Nuno Vasconcellos always seemed like a model citizen to his neighbors in Austin, Texas. He was a living, breathing example of the American dream. He served in the Army, fought to recover from serious head injuries that took away most of his memories prior to 1985, endured poverty and homelessness, and somehow found the time to start a multimillion-dollar business. But model citizen? No. Not exactly. Nuno’s not an American citizen.
This came back to haunt him on August 6, 2003. Nuno, his wife Angela, and their two children were passing through immigration at Boston’s Logan Airport after a visit to Nuno’s family in the Azores. Suddenly, a computer threw up a red flag beside Nuno’s name. As an anti-terrorism measure, the computers had recently been linked with criminal databases. Years earlier, Nuno had been charged with kidnapping and placed on some kind of probation for ten years. The charge stemmed from a confrontation with an employee of one of his tire stores who had stolen equipment to feed a cocaine habit. Nuno had lured him to the store, tied him to a chair, and forced him to confess before calling the police. The judge in his case had placed him on probation without finding him guilty.
Had Nuno been a citizen, this old charge would have been long forgotten. As a resident alien, however, the laws applying to him were more stringent. As long as he remained in the country, there was no problem. But, having left the USA, he was now effectively reapplying for admission. When the charge came up on the computer screen, Nuno was shackled and taken to Boston’s Suffolk County jail. Deportation proceedings began.

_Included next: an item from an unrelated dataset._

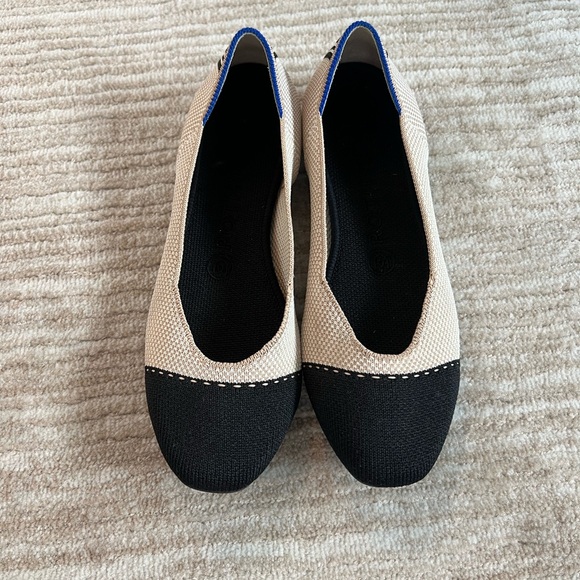 Rothy’s The Square - Tuxedo Size 7 - Beige and Black Flats - Picture 3 of 3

Fortunately, Nuno’s lawyer was able to get before a judge and point to Nuno’s military commendations, reference letters from his church, business associates, and charity work. He was also able to explain the circumstances surrounding the “kidnapping” case. The judge immediately ordered that Nuno be released and returned to his home. All’s well that ends well for Nuno! Not surprisingly, Nuno has applied for citizenship. He did it while he was in jail.

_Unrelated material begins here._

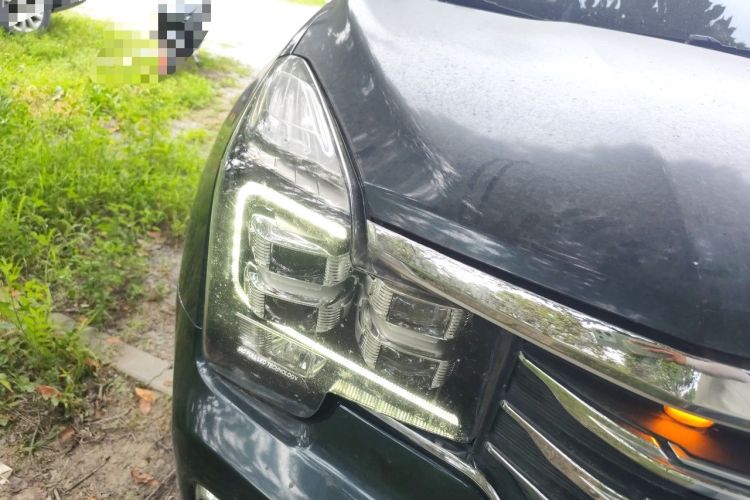 Used GAC Trumpchi GS8 2017 320T Two-Wheel Drive Luxury Smart Connectivity Version (7 Seats) Right Front Headlight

Citizenship has its privileges. That’s certainly true in America where citizens have some rights that non-citizens don’t and also don’t have many of the headaches that non-citizens do. Paul, a Roman citizen, knew something about the privileges of citizenship too. “But our citizenship is in heaven,” he reminded the Christians in Philippi. Still important words to remember for those of us who claim belief in Jesus.